_EXERCISE DETAILS_
Write the listing out again word for word. Pictures do not belong in the copy.

_INFORMATION SHOWN_
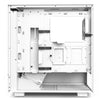 NZXT H5 Flow Midi Tower PC Case White | Liquid Cooling Support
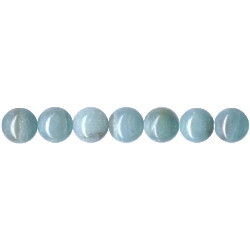 8mm Brazilian Amazonite ROUND Beads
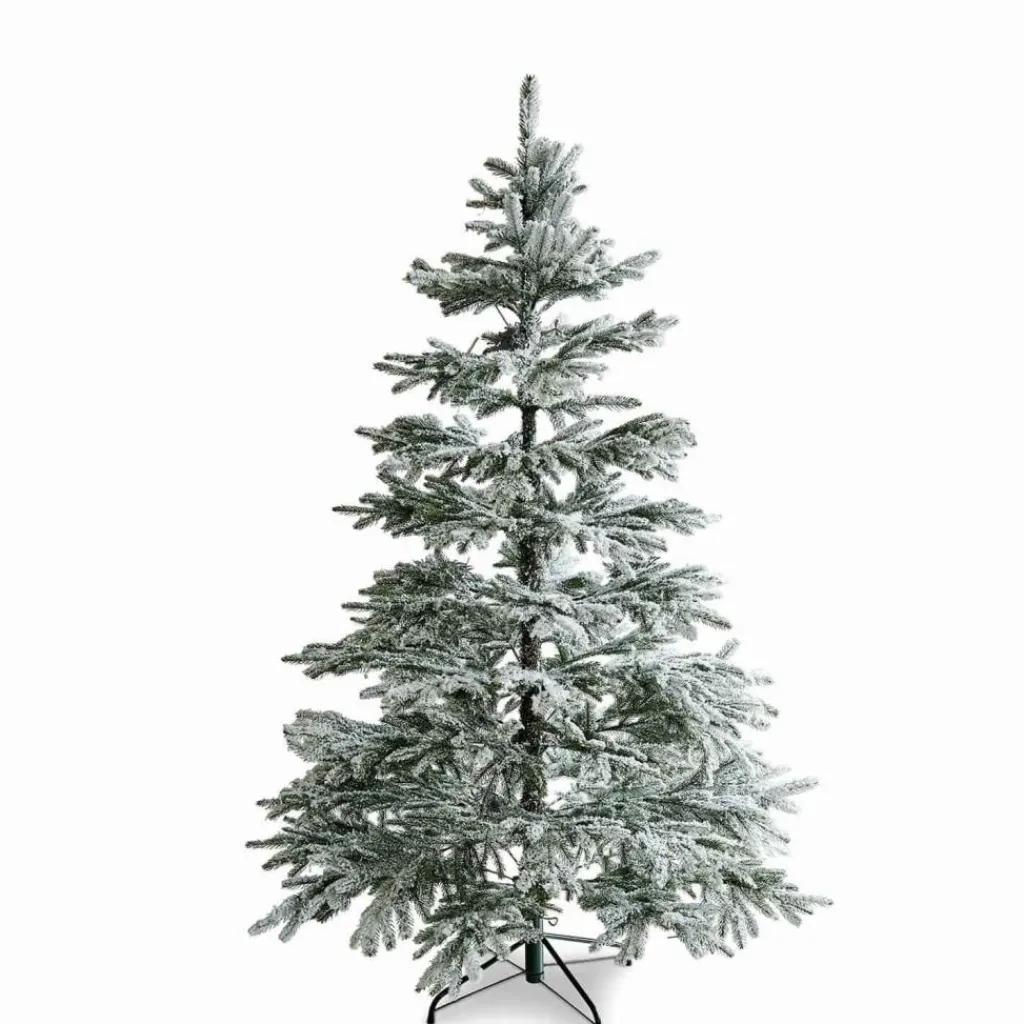 LOBERON Weihnachtsbaum Lokossa grün/weiß Clearance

_EXERCISE RESPONSE_
 NZXT H5 Flow Midi Tower PC Case White | Liquid Cooling Support
 8mm Brazilian Amazonite ROUND Beads
 LOBERON Weihnachtsbaum Lokossa grün/weiß Clearance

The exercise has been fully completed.